The global athletic footwear market size was valued at $64.3 billion in 2017 and the use of fitness apps has grown by 330% in the last 3 years. With fitness becoming an increasing part of a young professional’s life, finding ways to improve the efficiency of a workout or prevent injury are key to increased fitness success.
Fun Run uses machine learning and sensors embedded in running shoes to track particular metrics and improve a runner/walker’s stride. In addition to tracking steps, heart rate (in the foot) and typical fitness tracking metrics that are currently available in the marketplace, Fun Run uses weight distribution to measure a user’s posture and stride. It also scans the running surface and analyzes data on both the surface type (soil, sand, concrete, etc.) and condition (dry, wet, icy, etc.). By continuously tracking and learning performance, the app can make recommendations based on a user’s goals. For example, if a user is concerned about hip pain, the app can let the user know if he or she is putting too much pressure on one side, then recommend relevant stretches/therapies and adjustments to the way they run in order to correct it. The algorithm can also use predictive analytics and alert people of the potential for injury or excessive soreness before people have experienced any pain.

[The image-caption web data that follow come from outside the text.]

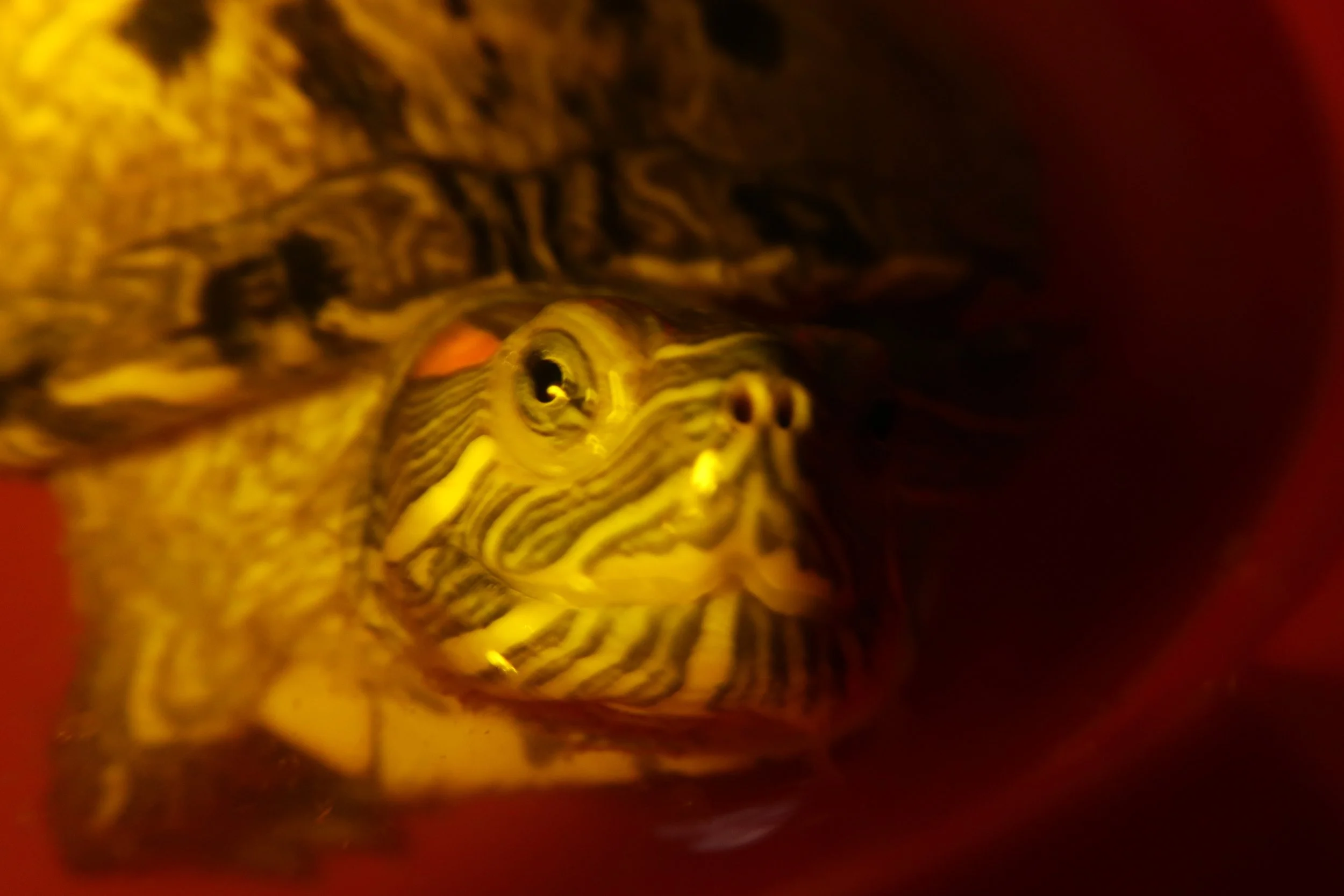 PV.8.21.Ciro2.turtlelight.jpg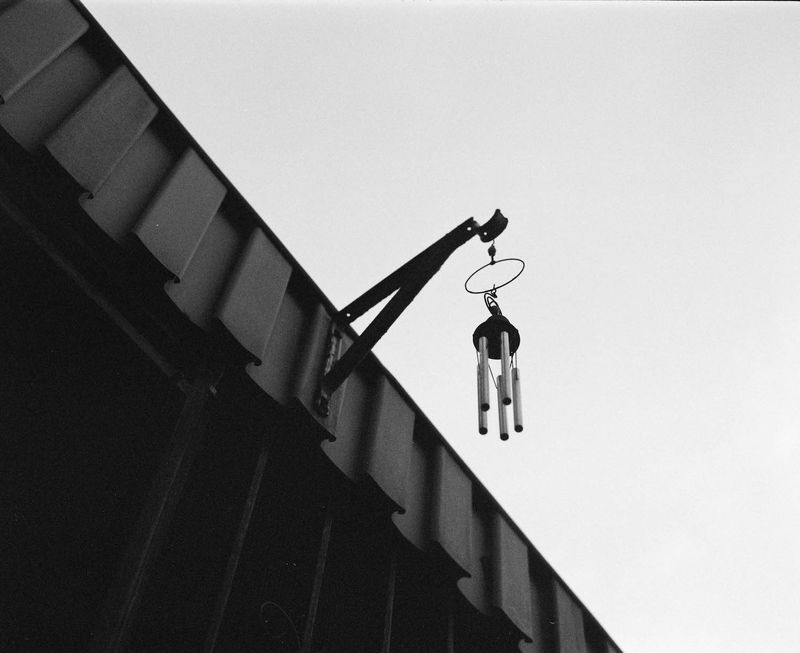 © Laila Annmarie Stevens - Image from the Clayton Sisterhood Project photography project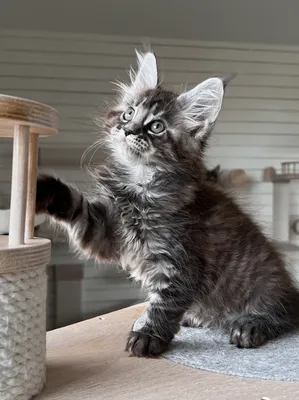 Maine Coon kitten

Feasibility and Commercial Promise:
Athletes are increasingly interested in tracking their fitness. Of people who exercise at least monthly, 30% have a wearable fitness tracker and 29% use a mobile app to track fitness stats. Another ~25% plan to use these features in the future . Despite significant commercial promise, the activewear market is saturating. 37% of fitness junkies state that brand is important, and 90% opt for high-end activewear brands . As such, branding and high-performance will be integral to the success of Fun Run. Some of the features we plan to utilize may be expensive in the short term, such as sensors to analyze surface type and condition. The cost could be brought down by pulling in data from other sources (e.g., weather websites) or by relying on manual entry of some data.

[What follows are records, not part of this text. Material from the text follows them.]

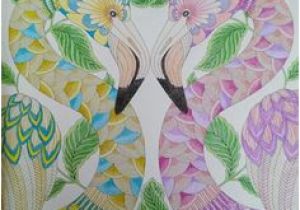 Livre De Coloriage Anti Stress Pour Adultes Tropical Les 132 Meilleures Images De Coloriaged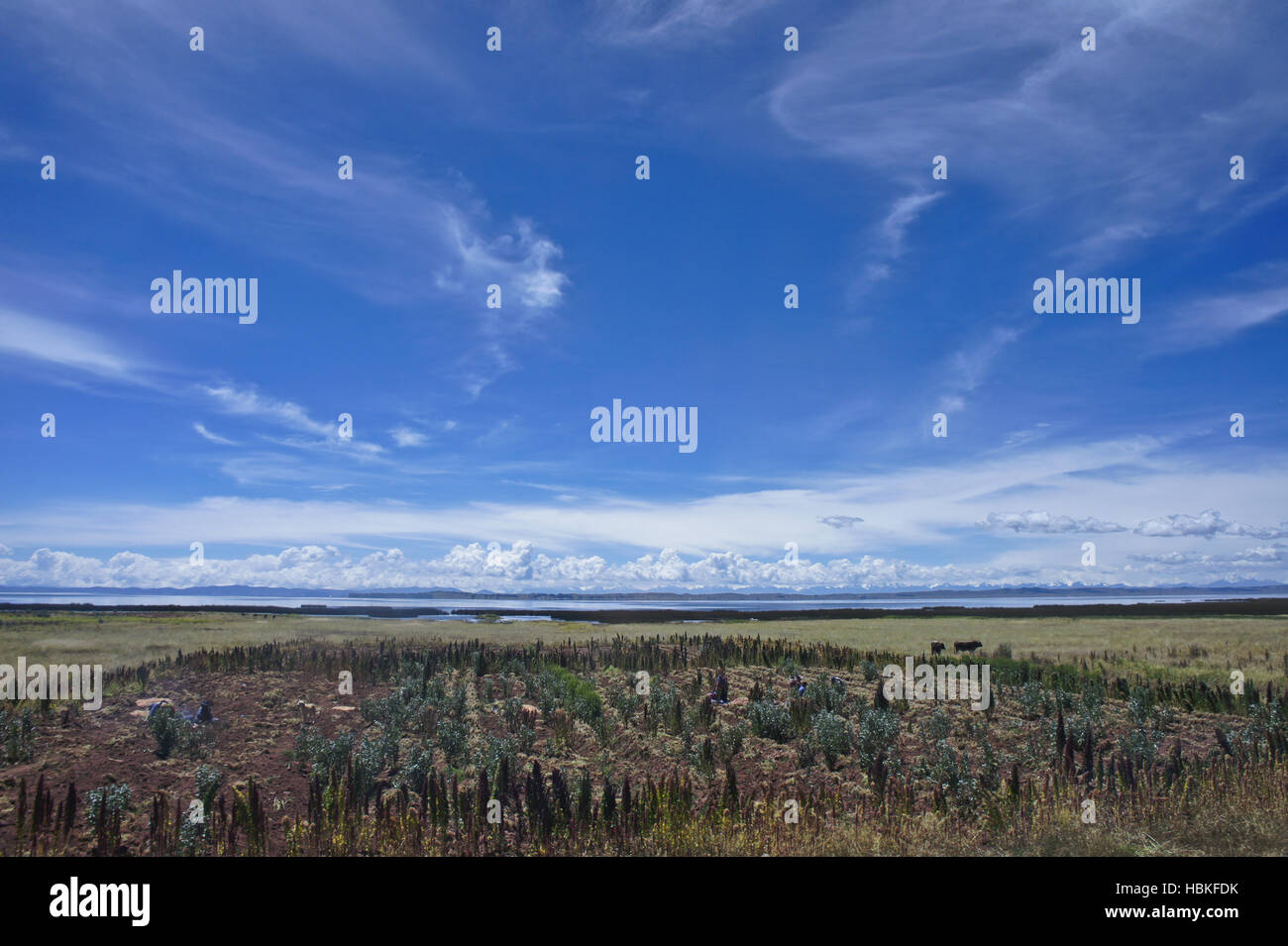 Bolivien, Titicacasee Stockfoto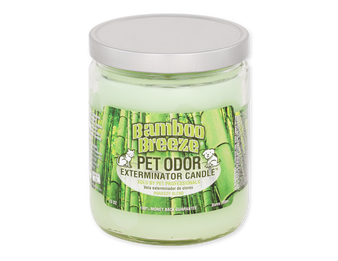 Bamboo Breeze - Jar Candle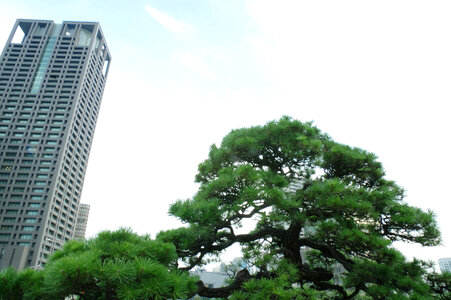 4 Nakanoshima city photo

A pilot would be rolled out at university track and field programs. We would work closely with a team of physicians and sports science staff at the University of Chicago (or comparable University), to certify and monitor all data and recommendations. We would seek to have each tailored recommendation and pain management solution be created and reviewed by our physician team to ensure proper legal protocol and medical viability.
Our pilot would seek out volunteer athletes who can provide large usage data sets (e.g., long distance runners) that would allow us to collect data on running strides, foot placement, weight pressure, shoe type and other relevant pieces of information. Additionally, we would bring the volunteers in for an initial screening process to create a baseline model of their postures, existing pain or medical issues, bone structure, etc. which would allow us to make better assessments from the running data we collect.

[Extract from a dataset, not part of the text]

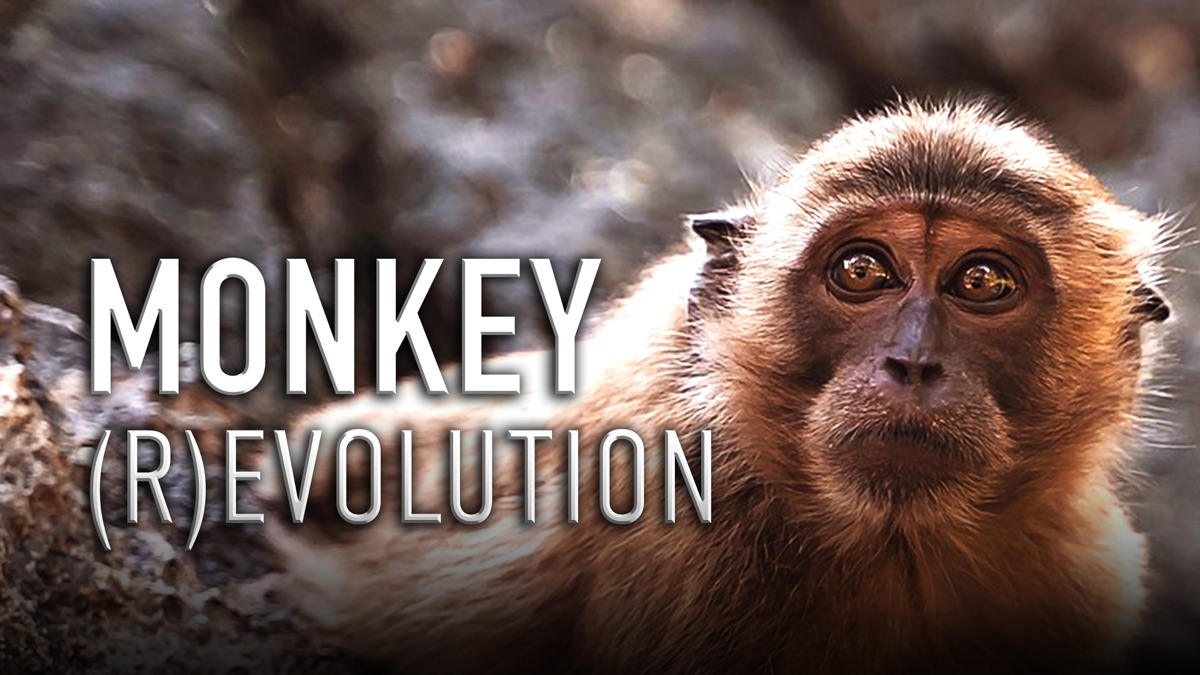 ‎Monkey REvolution - Apple TV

We would analyze the recommendations from our analytics software with our physician team to gauge relevance, accuracy, and benefit to the athlete above the normal utility of simple pain-based care.
A number of devices in the market measure biometrics such as heart rate and/or activity indicators such as steps and speed. They mainly allow people to track progress. Our product will be a leader in using AI to generate predictions based on such data combined with weather, running surface, and more granular biometrics information such as weight distribution. A competitive product on the market is Lifebeam VI, the self-proclaimed “first true AI personal trainer.” The product is a voice-activated Bluetooth biosensing headset with AI personal trainer. VI is focused on making you a proficient runner and is priced at $249.99. VI doesn’t analyze posture and weight distribution and doesn’t seem to be able to warn about potential injuries or excessive stress on your body. Other potential competitors are Google and Apple who can build on their personal assistants to also function as personal trainers. Existing user base and data will be a big advantage for them.
 Mintel Report. Exercise Trends. US, October 2016.
 Mintel Report. Activewear. US, October 2016.